As East Coast snow banks grow higher, salt stockpiles dwindle

Forty thousand tons of salt, slated for New Jersey, are stuck on a barge in Maine thanks to a not-often-discussed rule in the 1920 Maritime Act.

By Brooks Hays
People walk by workers who shovel and lay salt on the sidewalks in New York City on January 3, 2014. (File/UPI/John Angelillo)
People walk by workers who shovel and lay salt on the sidewalks in New York City on January 3, 2014. (File/UPI/John Angelillo) | License Photo

NEW YORK, Feb. 19 (UPI) -- Across the Northeast, city and state transportation officials say they're running out of deicing salt, their stockpiles depleted by the recent barrage of winter storms.

With road crews in Connecticut, New York, New Jersey, Pennsylvania and elsewhere having to prepare for storm after storm, commercial salt producers and shippers simply haven't been able to keep up.

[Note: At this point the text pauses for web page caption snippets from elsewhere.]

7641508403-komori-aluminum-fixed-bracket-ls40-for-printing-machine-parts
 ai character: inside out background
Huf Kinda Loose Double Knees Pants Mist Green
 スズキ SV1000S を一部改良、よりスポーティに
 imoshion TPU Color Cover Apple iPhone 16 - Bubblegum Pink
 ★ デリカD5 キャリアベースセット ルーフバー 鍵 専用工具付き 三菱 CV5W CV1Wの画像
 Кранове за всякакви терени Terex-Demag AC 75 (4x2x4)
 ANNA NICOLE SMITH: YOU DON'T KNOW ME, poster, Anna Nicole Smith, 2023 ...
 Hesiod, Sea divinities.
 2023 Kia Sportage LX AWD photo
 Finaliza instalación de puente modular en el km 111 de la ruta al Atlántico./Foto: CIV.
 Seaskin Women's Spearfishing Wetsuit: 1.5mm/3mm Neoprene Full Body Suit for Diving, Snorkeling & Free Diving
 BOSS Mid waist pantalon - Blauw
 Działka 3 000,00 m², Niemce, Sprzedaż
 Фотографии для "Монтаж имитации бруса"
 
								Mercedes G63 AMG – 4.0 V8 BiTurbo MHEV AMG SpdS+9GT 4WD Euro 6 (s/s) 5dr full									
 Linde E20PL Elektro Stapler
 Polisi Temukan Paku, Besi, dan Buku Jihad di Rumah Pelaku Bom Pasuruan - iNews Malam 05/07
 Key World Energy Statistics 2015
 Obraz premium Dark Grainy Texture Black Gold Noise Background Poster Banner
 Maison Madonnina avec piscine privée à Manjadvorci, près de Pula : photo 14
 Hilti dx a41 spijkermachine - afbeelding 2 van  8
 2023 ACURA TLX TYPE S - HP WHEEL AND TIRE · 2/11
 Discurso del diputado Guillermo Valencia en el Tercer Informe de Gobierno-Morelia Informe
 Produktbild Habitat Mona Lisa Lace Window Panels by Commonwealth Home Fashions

"A lot of the counties and municipalities are out of salt," Jim Simpson, commissioner of the New Jersey Department of Transportation, told reporters Monday. "If we have one more storm, New Jersey is going to have to close its interstates."

Simpson says the state is waiting on a 40,000-ton shipment of rock salt. The ship it's sitting on is stalled in Searsport, Maine, unable to make the trek south to Port Newark because the 1920 Maritime Act forbids non-American ships from carrying a load from one domestic port to another -- a remnant of early 20th century protectionism. Simpson's department has been unsuccessful in lobbying federal officials for a waiver to allow the ship to move southward.

The salt shortage and mounting snow accumulations have moved Connecticut Gov. Dannel P. Malloy and New York Gov. Andrew Cuomo to declare states of emergency in recent weeks. In Pennsylvania, Pittsburgh officials say new salt shipments have begun to trickle in, but that they're still well short.


"Typically, in a storm like this, we like to have 3,000 tons. We’re working with one-third of what we’d like to have, but we’re going to have to make it work,” Pittsburgh’s Chief Operations Officer Guy Costa told CBS after 1,000 tons of salt arrived Monday.

American Rock Salt, a chief supplier of deicing salt, said in a statement that it's working around the clock to solve the salt crisis -- and is currently unable to respond to media inquiries. "We have been coordinating efforts with local and state governmental officials and agencies throughout this winter's storm activities to maintain public safety to the extent feasible,” the company said.